» Problem details: Write out, word for word, every line in the data below from the one containing "Tuotekuva ille Makrameenyöri, paksuus" to the one containing "Pleaser Womens Ankle", both of them included.

» Material shown:
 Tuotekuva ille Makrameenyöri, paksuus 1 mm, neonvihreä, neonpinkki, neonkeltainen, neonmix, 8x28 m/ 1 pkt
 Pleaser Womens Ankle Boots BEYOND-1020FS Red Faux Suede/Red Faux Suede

* * *

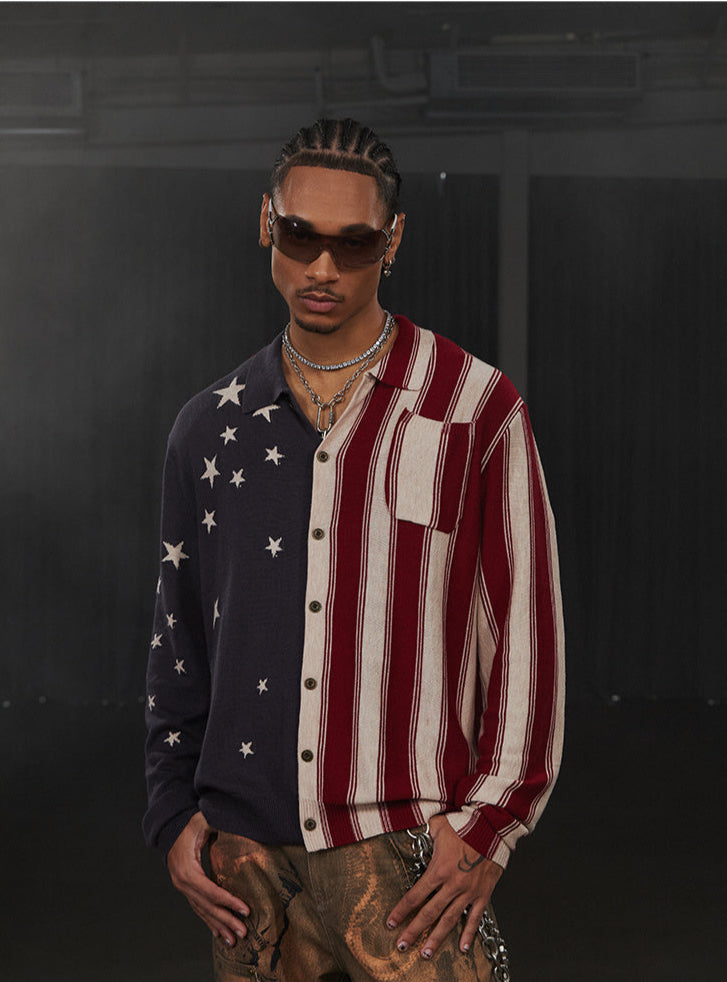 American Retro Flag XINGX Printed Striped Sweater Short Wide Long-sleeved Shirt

---

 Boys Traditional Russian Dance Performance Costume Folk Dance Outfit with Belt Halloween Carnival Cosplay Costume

» Answer space:
 Tuotekuva ille Makrameenyöri, paksuus 1 mm, neonvihreä, neonpinkki, neonkeltainen, neonmix, 8x28 m/ 1 pkt
 Pleaser Womens Ankle Boots BEYOND-1020FS Red Faux Suede/Red Faux Suede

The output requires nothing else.